Autoimmune-Poly-Endocrinopathy-Candidiasis-Ectodermal Dystrophy (APECED), caused by mutations in the Autoimmune Regulator (AIRE) gene, is an autosomal recessive multi-organ autoimmunity syndrome usually defined by high serum titers of type I Interferon Autoantibodies (Type 1 IFN-Abs). These antibodies have recently been found in individuals in the general population who develop life-threatening Coronavirus Disease 2019 (COVID-19), but the significance of pre-existing Type 1 IFN-Abs in APECED patients with COVID-19 remains unclear. Previous reports of COVID-19 outcomes in APECED patients have been divergent, and protective roles have been proposed for female sex, age <26 years, and immunomodulatory medications including intravenous immunoglobulin (IVIg).
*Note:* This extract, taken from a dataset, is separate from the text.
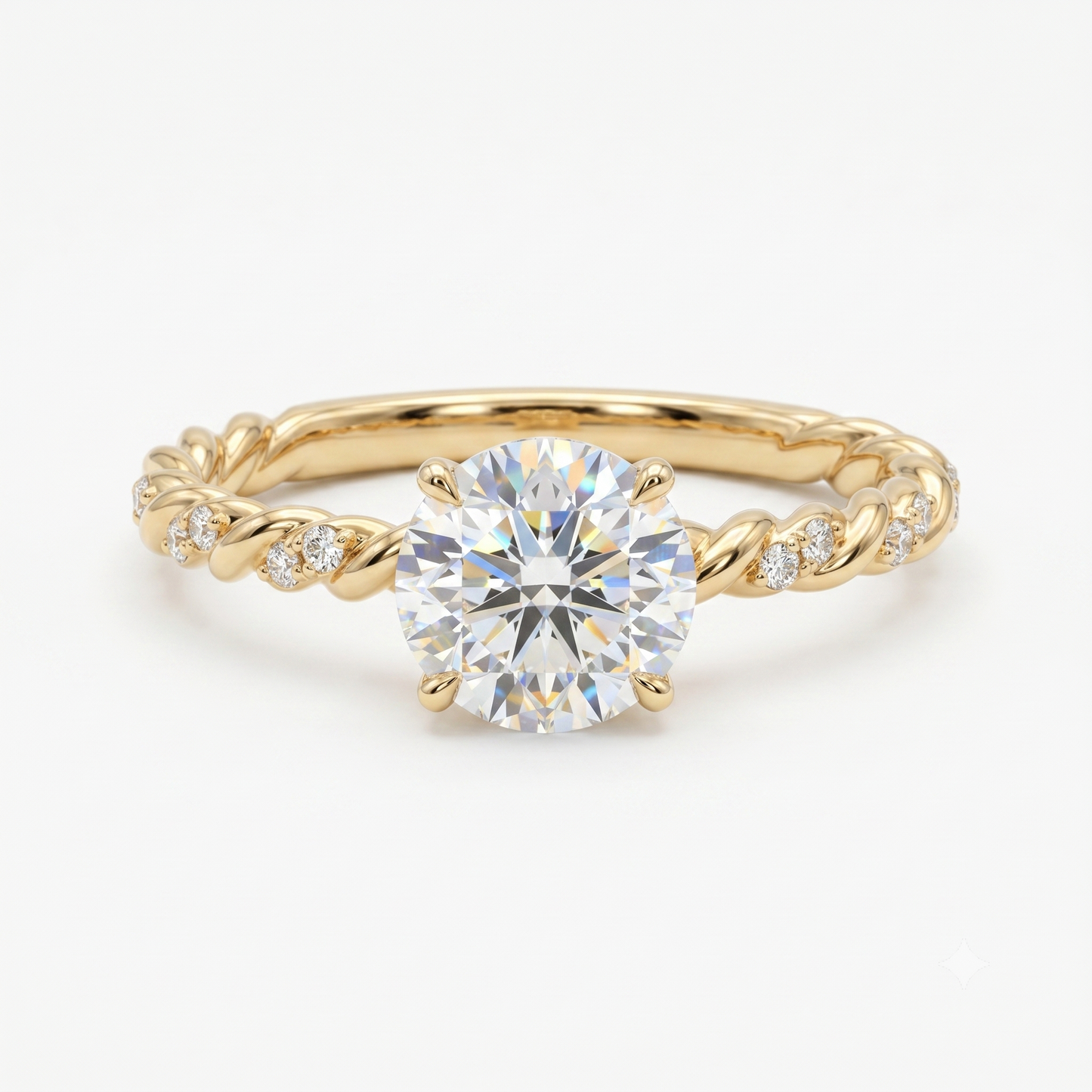1.0CT Round Cut Twist Lab-Grown Diamond Ring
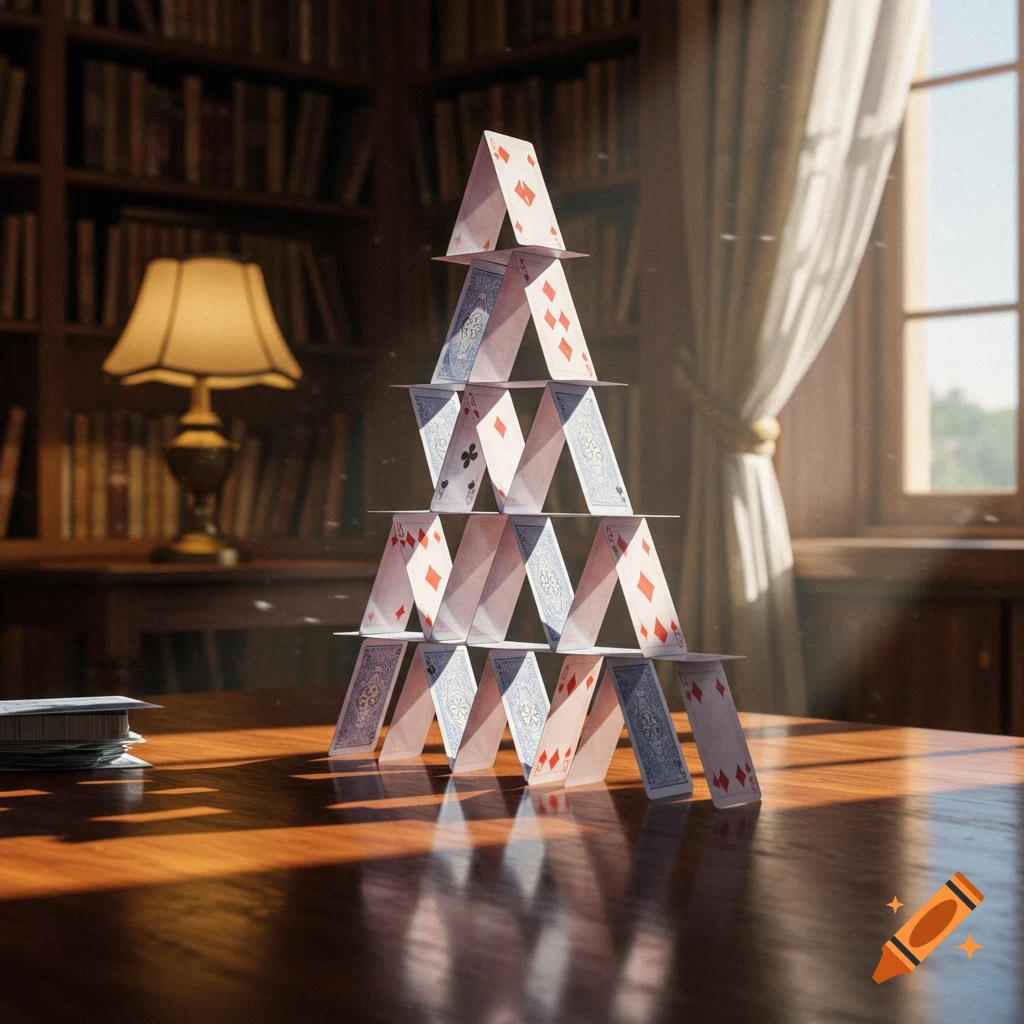 A photorealistic house of cards built on a shiny wooden table in a sunlit library.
We report the case of a 30-year-old male APECED patient who experienced a Severe Acute Respiratory Syndrome Coronavirus 2 (SARS-CoV-2) infection with mild symptoms of fatigue and headache without respiratory distress and did not require hospitalization. He received a stress dose of hydrocortisone for adrenal insufficiency and continued on his baseline medications, including subcutaneous administration of Immunoglobulins (SCIgs) for chronic inflammatory demyelinating polyneuropathy (CIDP). Mild COVID-19 in a 30-year-old male patient with APECED and pre-existing Type 1 IFN-Abs was unexpected. Younger age and management of autoimmunity may have played a role.

摘要

自身免疫性多内分泌病-念珠菌病-外胚层营养不良(APECED)由自身免疫调节因子(AIRE)基因突变引起,是一种常染色体隐性多器官自身免疫综合征,通常由高血清滴度的I型干扰素自身抗体(1型IFN-Abs)定义。最近在普通人群中感染危及生命的2019冠状病毒病(COVID-19)的个体中发现了这些抗体,但在患有COVID-19的APECED患者中预先存在的1型IFN-Abs的意义仍不清楚。先前关于APECED患者COVID-19结局的报道存在分歧,并且提出女性、年龄<26岁以及包括静脉注射免疫球蛋白(IVIg)在内的免疫调节药物具有保护作用。我们报告了一例30岁男性APECED患者的病例,该患者感染了严重急性呼吸综合征冠状病毒2(SARS-CoV-2),出现疲劳和头痛等轻微症状,无呼吸窘迫,无需住院治疗。他因肾上腺功能不全接受了应激剂量的氢化可的松治疗,并继续服用其基线药物,包括皮下注射免疫球蛋白(SCIgs)治疗慢性炎症性脱髓鞘性多发性神经病(CIDP)。一名患有APECED且预先存在1型IFN-Abs的30岁男性患者出现轻度COVID-19情况出乎意料。年龄较小和自身免疫的管理可能起到了一定作用。